11 de noviembre de 2021


El próximo sábado 13 de noviembre, a las 19:00 horas, el Instituto de Música transmitirá el estreno absoluto de FlapD-0.506: estudio de comportamientos impredecibles (2021), instalación y performance musical sin principio ni fin del compositor Cristián Morales Ossio, desarrollada junto a Camila Rojas Cannobbio, desde la dirección de movimiento, y Valentina Serrati, desde la dirección creativa y visual.

Pequeñas diferencias en una sola variable tienen efectos profundos en el desarrollo posterior de un sistema dinámico, o en este caso, de una partitura. A partir del algoritmo de Edward Norton Lorenz, a quien se le atribuye la noción de efecto mariposa, el compositor Cristian Morales-Ossio creó una pieza cuyas manifestaciones escénicas están condicionadas por este movimiento, y por tanto, son impredecibles.

Bajo el título FlapD-0.506: estudio de comportamientos impredecibles (2021), el académico UC  presenta una instalación y performance musical, compuesta para intérpretes de movimiento, saxofones, guitarras eléctricas, y dispositivos visuales y electroacústicos. Su estreno absoluto será el próximo sábado 13 de noviembre, a las 19:00 horas, en el marco de la trigésima versión del Festival de Música Contemporánea UC.
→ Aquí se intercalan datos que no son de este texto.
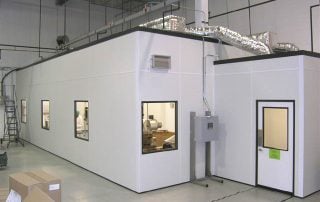 Cleanroom with Ducted HVAC in a warehouse
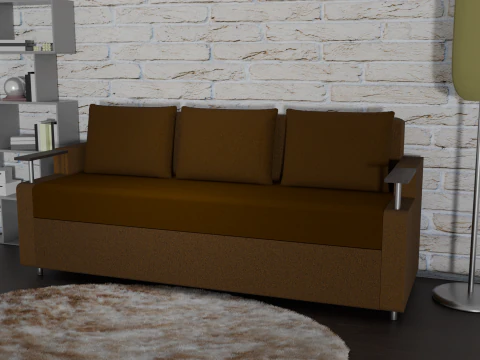 Sofa Euro Millennium brown 3D Model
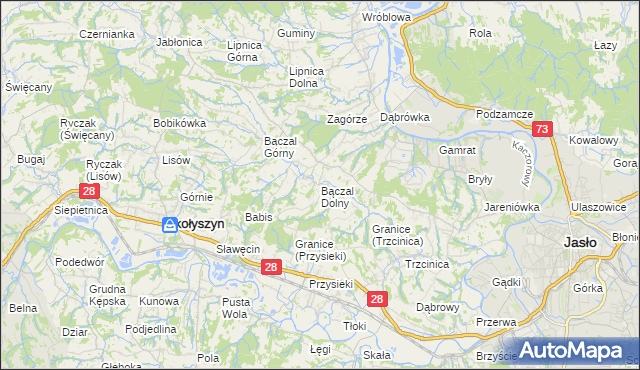 mapa Bączal Dolny, Bączal Dolny na mapie Targeo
Esta obra va a ser una experiencia distinta al resto del programa, ya que no se observa hacia el escenario, sino que como público vamos a poder rodear y experimentar la música contemporánea desde otro lugar”, adelanta Miguel Farías, profesor de Música UC y coordinador del festival, quien también destaca la elección de instrumentos y el fluir equilibrado de las distintas disciplinas presentes en la pieza.
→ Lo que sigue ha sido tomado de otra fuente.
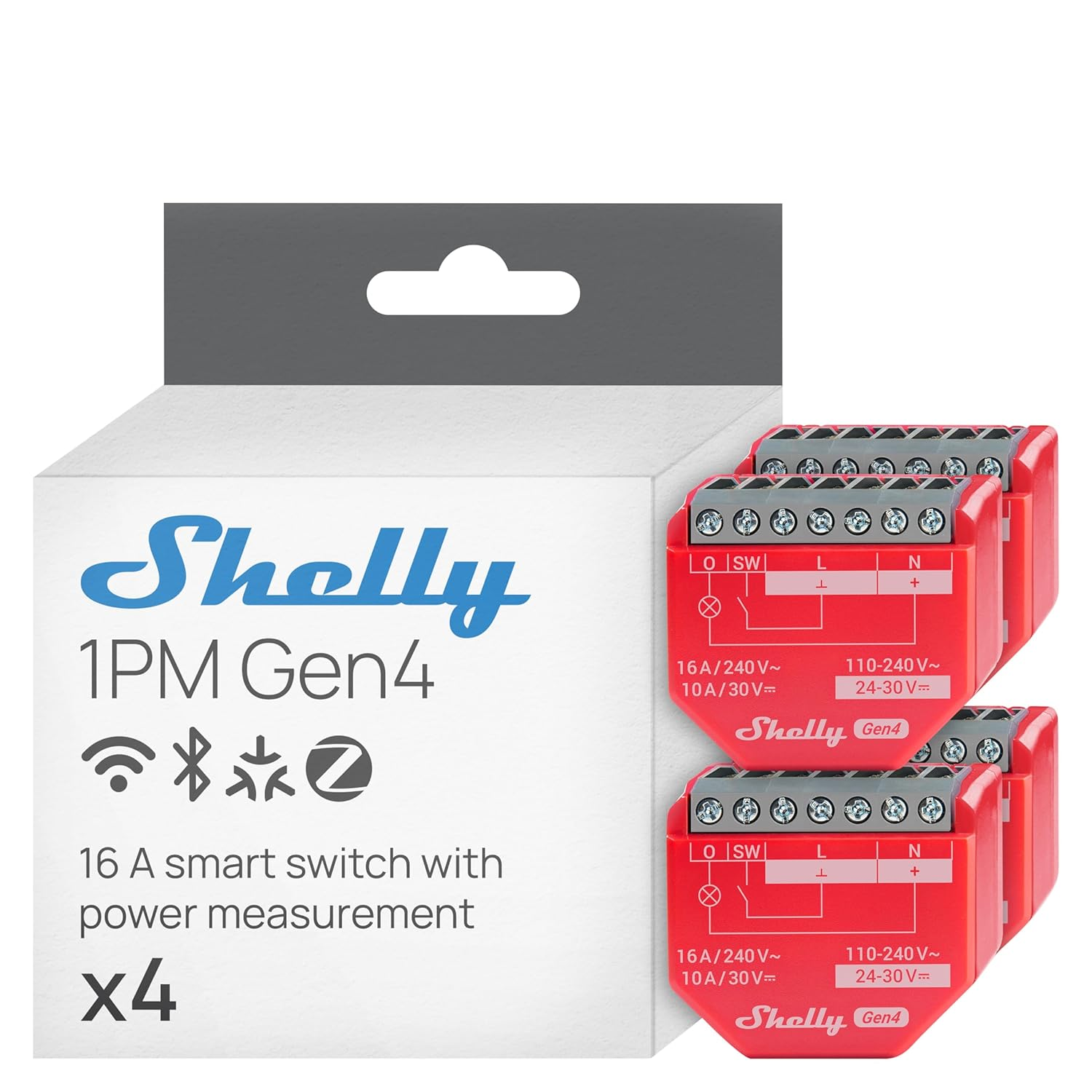 Shelly 1PM Gen4 WLAN Smart Relay Switch, Current Measurement, Electric Meter, 1 Channel, 16 A, Light Switch, Heating, Smart Home, Timer, Alexa & Google, Matter, No Hub Required (Pack of 4) image number 6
Sigue su transmisión en vivo aquí.

Una obra sin principio ni fin

En un primer momento la partitura de esta pieza aparecerá tal cual, sin modificarse. Luego, tomando elementos de la partitura, los intérpretes se dejarán guiar de manera improvisada por este algoritmo. Lo que a veces acelera o se ralentiza, ubicándose en distintos puntos del plano. 

De acuerdo al compositor, la idea era hacer una obra sin principio ni fin. “En los mismos ensayos nosotros nos subíamos en una suerte de carrusel, en cualquier parte, y salíamos, también, en cualquier parte. Por lo tanto, los 45 minutos que dura la obra son una condición arbitraria. Es decir, nos subimos al carrusel en un momento y salimos a los tres cuartos de hora”, explica el académico del Instituto de Música, Cristian Morales-Ossio.
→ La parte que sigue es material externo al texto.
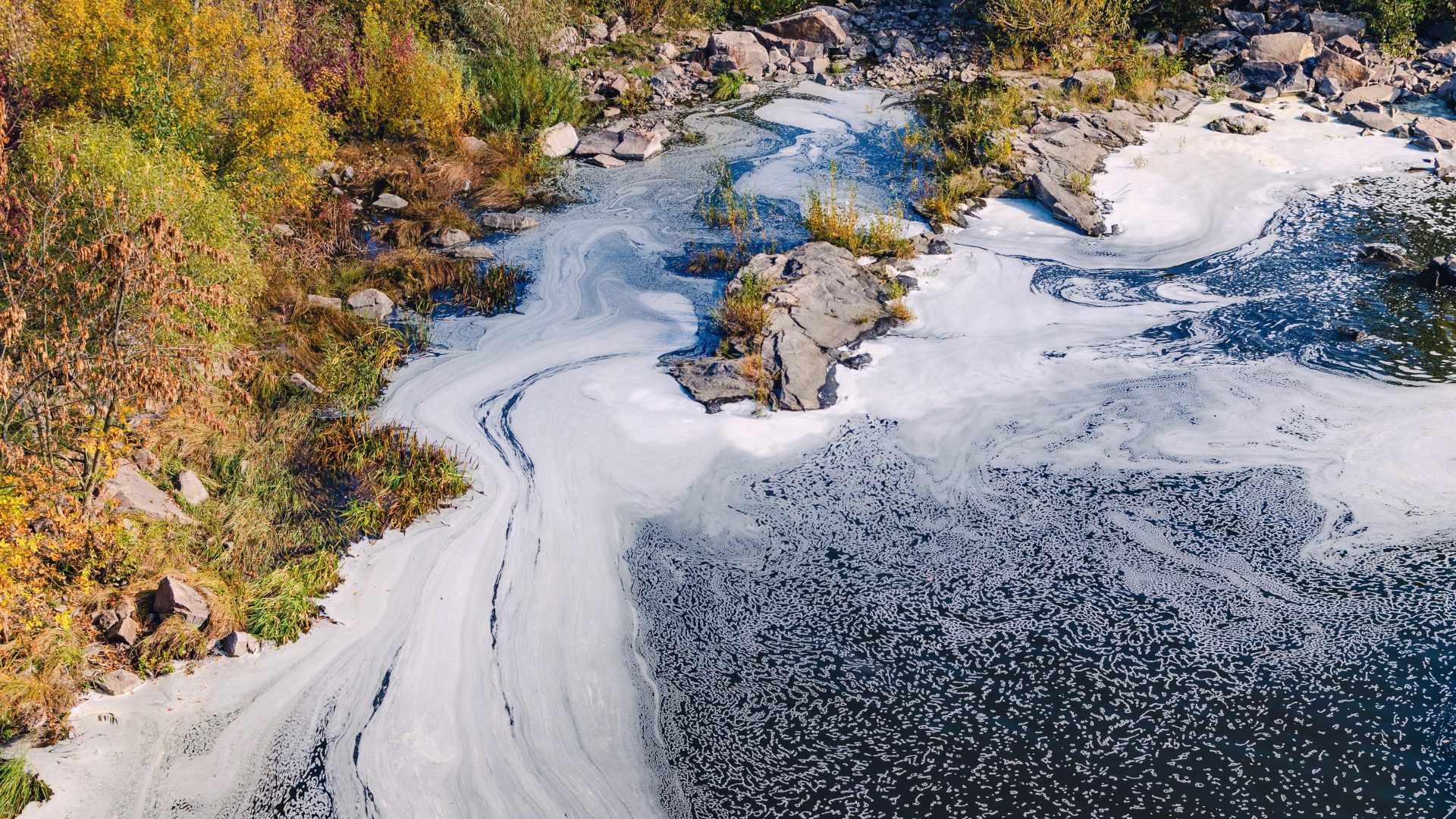Polluted river, foam on the water surface top view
“De alguna manera el movimiento propio del algoritmo nos guía, por ejemplo, en velocidad. Imprime una característica de tiempo en lo que está sucediendo. Además, organiza lo que llamamos las partituras, sincronizando todos los elementos que están sucediendo en ciertas coordenadas del algoritmo. Si este avanza hacia el norte, allí se va a encontrar con algunas coordenadas que van a disparar partituras que se tienen que ejecutar en vivo. Se trata de una interpretación de ese movimiento, que se aproxima a una instalación”, cuenta Morales-Ossio.

Esta creación fue financiada por la Dirección de Artes y Cultura UC. Además, el propio festival cuenta en esta edición con financiamiento de un Fondo de la Música del Ministerio de las Culturas.